New Delhi, India

By Mansi Thapliyal

At 10 p.m. on July 14, India will send its final telegram before the service shuts the following day, signaling the end of a service that has been going for over 160 years. It is the latest means of communication to be killed off by the mobile Internet age.

From families waiting to hear from their children who migrated to India’s cities for work, to soldiers in remote areas for whom the telegram was the only way to stay in touch with relatives, the telegraph service has been used to connect millions of people across this vast country since the mid-19th Century.

Charged per word, some messages went on and on, while others chose to write single words like “love” – a simple message to express how they felt.

Today at the Central Telegraph Office in the heart of New Delhi, most of the counters are unmanned. Thirty years ago, the office was packed full with 500 members of staff, working non-stop to send around 20,000 messages a day as customers waited in long lines. Now, that number is only 20.
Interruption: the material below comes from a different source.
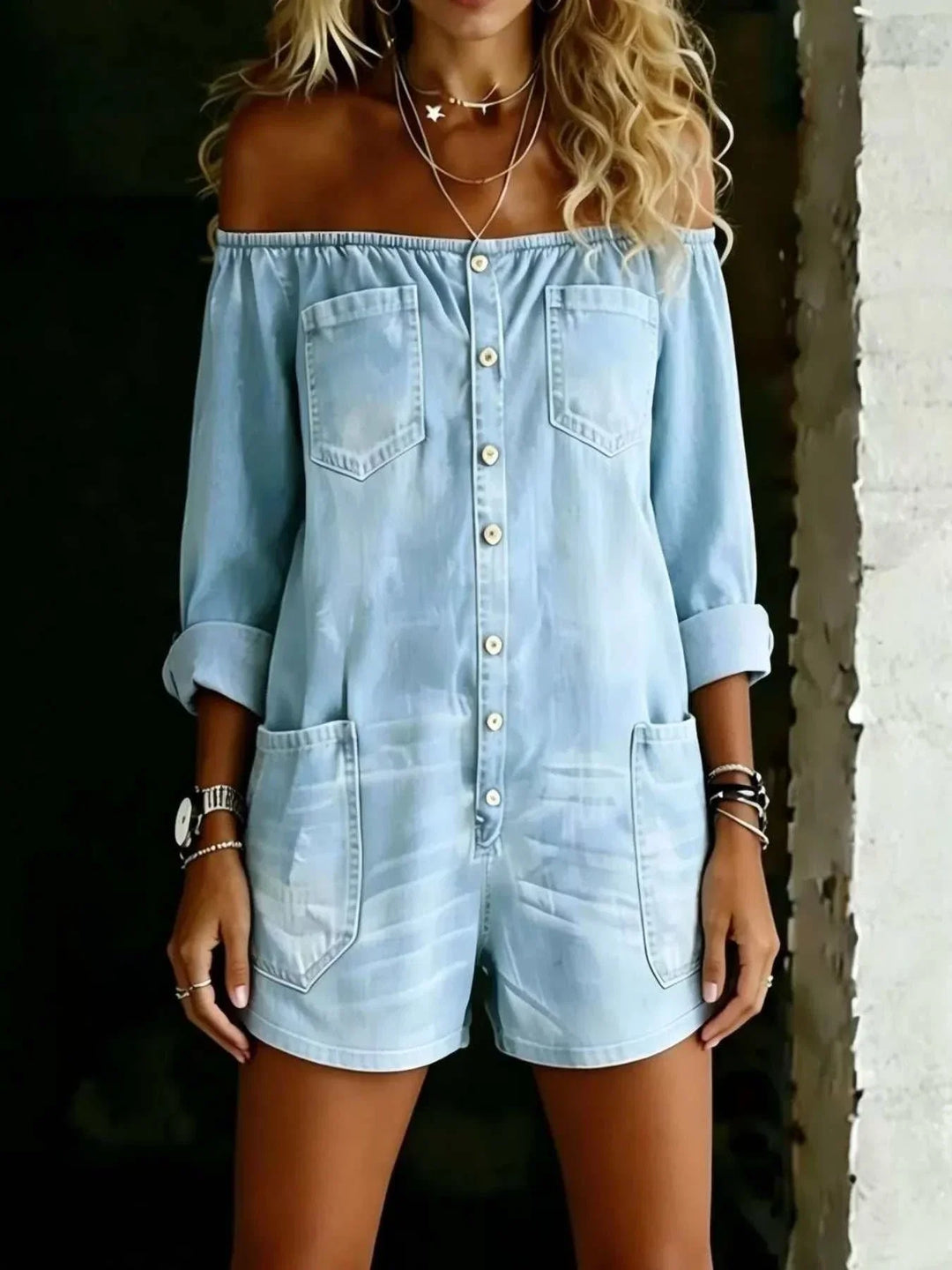 Woman wearing a full-size button-down off-shoulder romper from Hot Topic Goods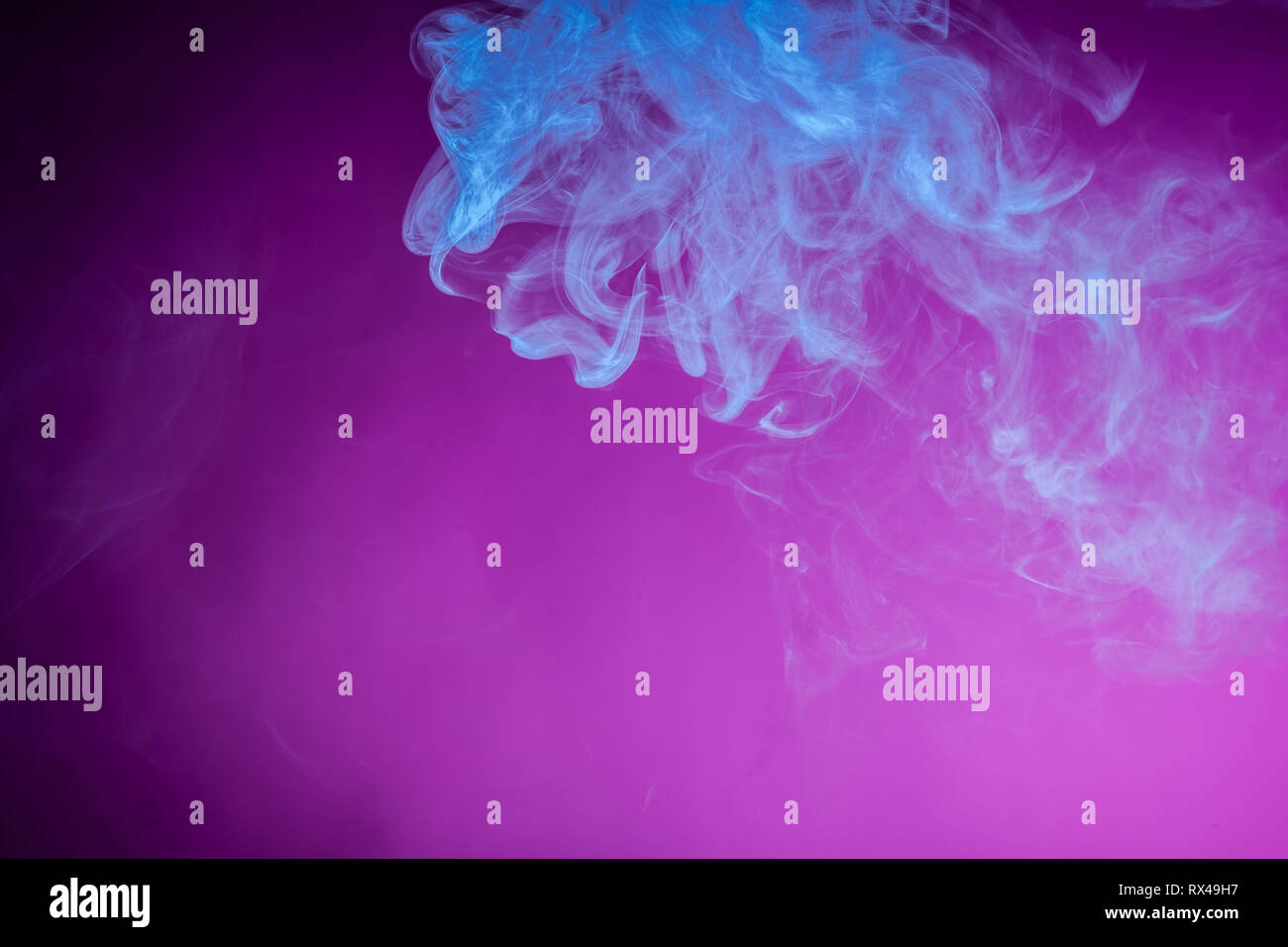 Blue bomb smoke on pink isolated background Stock Photo - Alamy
Telegraphist Veronica remembers what it was like being in the office 30 years ago: “This room would be full of people, it sounded like a factory. We had no time to talk to each other or even exchange a glimpse.” Messenger Om Dutt would deliver sacks of telegrams in the 1980s on his bicycle across New Delhi. Now, as he stepped out of the office, he had only a handful to deliver, most of them to government departments.